I don't have access to any of those kits at the moment, but as time goes by I will add more stuff to the chart that will include the numbers from new reviews.  You may find some of the other information available in other reviews here at TPU, or at least have those kits compared to stock cooling, which you can use to compare this unit to stock cooling.


----------



## xnox202 (Sep 28, 2007)

I have mixed feelings for this kit and the Swiftech H20 120 Compact.


----------



## t_ski (Sep 28, 2007)

One advantage of the Swiftech kit would be that the hot air exhausted by the radiator won't be going inside the case.


----------



## Fluxcore (Nov 3, 2007)

It would be very easy to put this in a box outside the case.
I just got one for my new 5000+ Black build and i am going
to try it outside and inside.I am also going to add a extra
rad inside a Antec P182 and see what that will do.
The only thing holding me up rite now is video cards.
8800 GT X 2 or the new offering from ATI when it comes
out in the next few weeks?


----------



## Gallatin (Nov 3, 2007)

i use aio-s80dp which is i must say much beter than scythe infinity. 
my next cooler i want to be the "big water 760i"  the price and size is perfect.
my question is. there is really a some kind of danger using a water cooler?


----------



## t_ski (Nov 3, 2007)

Welcome to TPU.

Your idea sounds good.  Make sure to post some pics in the Project Logs subforum when you get it together.


----------



## t_ski (Nov 3, 2007)

Gallatin said:


> i use aio-s80dp which is i must say much beter than scythe infinity.
> my next cooler i want to be the "big water 760i"  the price and size is perfect.
> my question is. there is really a some kind of danger using a water cooler?

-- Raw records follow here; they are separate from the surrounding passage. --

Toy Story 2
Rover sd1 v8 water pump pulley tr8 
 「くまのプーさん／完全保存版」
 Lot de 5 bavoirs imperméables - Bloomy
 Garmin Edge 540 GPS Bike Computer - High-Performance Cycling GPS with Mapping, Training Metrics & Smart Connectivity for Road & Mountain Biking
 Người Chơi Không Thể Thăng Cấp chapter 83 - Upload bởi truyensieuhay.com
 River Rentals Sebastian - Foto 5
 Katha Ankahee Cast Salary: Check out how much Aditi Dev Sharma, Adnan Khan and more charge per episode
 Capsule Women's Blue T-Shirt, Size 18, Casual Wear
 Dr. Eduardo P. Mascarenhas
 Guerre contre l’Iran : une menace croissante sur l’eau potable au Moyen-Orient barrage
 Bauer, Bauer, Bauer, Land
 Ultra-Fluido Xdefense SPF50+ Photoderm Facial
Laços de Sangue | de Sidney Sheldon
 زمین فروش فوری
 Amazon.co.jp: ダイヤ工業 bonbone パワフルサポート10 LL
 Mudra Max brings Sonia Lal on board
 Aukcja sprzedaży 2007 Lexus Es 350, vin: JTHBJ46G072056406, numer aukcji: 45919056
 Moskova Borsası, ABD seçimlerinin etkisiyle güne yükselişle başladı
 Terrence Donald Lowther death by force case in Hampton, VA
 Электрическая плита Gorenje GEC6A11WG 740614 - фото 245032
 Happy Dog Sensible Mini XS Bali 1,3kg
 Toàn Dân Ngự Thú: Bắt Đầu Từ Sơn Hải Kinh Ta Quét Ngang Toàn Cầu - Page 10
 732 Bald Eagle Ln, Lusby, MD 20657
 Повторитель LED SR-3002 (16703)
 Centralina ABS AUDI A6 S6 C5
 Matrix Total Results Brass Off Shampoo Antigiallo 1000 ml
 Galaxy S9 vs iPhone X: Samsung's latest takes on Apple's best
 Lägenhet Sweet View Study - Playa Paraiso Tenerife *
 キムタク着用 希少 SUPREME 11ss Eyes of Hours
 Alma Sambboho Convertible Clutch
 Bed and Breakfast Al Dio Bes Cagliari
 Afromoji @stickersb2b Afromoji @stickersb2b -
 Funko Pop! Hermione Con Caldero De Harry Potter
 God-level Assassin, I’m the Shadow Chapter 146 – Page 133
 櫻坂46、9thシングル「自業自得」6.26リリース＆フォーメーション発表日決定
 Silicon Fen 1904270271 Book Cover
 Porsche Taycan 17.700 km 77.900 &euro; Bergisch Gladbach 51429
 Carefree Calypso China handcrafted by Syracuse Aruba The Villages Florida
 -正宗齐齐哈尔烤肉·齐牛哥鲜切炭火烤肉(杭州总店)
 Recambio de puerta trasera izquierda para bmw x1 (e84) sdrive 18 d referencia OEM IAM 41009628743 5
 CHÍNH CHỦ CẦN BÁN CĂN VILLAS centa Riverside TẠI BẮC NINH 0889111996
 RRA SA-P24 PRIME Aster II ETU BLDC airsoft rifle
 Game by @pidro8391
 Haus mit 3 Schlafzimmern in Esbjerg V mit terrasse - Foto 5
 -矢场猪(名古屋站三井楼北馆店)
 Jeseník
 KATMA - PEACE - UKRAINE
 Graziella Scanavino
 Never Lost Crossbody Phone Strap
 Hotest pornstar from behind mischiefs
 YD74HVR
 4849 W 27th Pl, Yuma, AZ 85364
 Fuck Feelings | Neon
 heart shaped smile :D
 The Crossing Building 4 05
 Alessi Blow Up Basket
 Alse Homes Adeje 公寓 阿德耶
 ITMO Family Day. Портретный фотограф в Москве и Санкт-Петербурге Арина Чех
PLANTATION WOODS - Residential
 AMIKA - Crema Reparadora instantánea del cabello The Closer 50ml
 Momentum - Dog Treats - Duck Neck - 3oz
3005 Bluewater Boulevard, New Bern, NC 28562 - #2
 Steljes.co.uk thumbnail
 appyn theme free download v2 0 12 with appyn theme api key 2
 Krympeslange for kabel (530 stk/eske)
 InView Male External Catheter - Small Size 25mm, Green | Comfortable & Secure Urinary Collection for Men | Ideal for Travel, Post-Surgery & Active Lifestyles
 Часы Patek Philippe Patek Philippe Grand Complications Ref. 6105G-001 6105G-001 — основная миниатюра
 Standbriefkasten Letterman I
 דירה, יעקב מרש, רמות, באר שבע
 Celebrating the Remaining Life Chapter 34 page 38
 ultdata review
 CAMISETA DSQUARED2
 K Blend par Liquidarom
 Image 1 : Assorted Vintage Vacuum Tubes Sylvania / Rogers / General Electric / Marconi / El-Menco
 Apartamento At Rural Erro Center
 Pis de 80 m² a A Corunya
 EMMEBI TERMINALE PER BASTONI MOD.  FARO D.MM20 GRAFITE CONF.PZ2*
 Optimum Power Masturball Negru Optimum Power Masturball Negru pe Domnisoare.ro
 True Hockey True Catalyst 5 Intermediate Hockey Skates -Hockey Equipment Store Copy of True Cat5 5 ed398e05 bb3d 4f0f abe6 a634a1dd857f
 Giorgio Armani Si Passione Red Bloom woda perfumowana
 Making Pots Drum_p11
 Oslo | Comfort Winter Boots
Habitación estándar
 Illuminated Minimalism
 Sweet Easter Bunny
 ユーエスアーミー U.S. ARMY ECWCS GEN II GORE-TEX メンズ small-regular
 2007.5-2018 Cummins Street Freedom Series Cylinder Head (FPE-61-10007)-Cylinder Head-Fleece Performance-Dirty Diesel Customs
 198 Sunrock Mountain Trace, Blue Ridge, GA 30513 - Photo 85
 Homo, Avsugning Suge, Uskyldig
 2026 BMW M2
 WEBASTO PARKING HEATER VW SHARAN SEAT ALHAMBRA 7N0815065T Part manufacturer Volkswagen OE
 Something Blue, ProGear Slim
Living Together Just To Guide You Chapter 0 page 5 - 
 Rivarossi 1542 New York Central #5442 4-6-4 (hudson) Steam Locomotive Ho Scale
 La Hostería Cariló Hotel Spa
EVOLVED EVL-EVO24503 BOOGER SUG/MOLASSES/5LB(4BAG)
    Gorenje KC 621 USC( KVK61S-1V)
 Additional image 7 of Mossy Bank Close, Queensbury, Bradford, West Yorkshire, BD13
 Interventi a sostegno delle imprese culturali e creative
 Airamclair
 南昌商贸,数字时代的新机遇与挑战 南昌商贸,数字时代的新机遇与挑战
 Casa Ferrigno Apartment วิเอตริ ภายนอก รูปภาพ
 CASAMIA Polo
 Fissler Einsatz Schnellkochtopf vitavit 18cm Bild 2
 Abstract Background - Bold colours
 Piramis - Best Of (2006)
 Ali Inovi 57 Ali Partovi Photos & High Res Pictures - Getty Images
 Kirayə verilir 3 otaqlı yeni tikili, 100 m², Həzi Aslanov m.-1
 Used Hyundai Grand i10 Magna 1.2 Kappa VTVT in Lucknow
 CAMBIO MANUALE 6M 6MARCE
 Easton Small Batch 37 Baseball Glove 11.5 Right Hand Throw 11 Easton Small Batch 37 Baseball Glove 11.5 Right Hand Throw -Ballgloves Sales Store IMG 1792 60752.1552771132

The danger is when the installation is done wrong and coolant leakes into your system or something breaks like the pump, and then the cooling system isn't doing its job.  Something like this Thermaltake kit makes it much easier, as installation is very simple.


----------



## Gallatin (Nov 3, 2007)

ok thanks. about cable managment? (and tubes) can i "play" with them so i can hide them?


----------



## Fluxcore (Nov 3, 2007)

yes you can Hide the tube but you should remember that every 90Deg. bend is = to about
1 Foot of tube .


----------



## Gallatin (Nov 4, 2007)

that is about ~33cm. so if i want good hiding for the tube it must "circle" the frame of the case (thermaltake soprano).....
....CM stacker (832? black) is coming faster than i thought.


----------



## Fluxcore (Nov 4, 2007)

Well I got some bad news for anyone that wants to install
the Thermaltake Bigwater 760i in a Antec P182.
It wont fit.I just tryed it and it is Way to long to
go in .


----------



## t_ski (Nov 5, 2007)

Is the metal chassis of the Bigwater too long, or is it just the hoses?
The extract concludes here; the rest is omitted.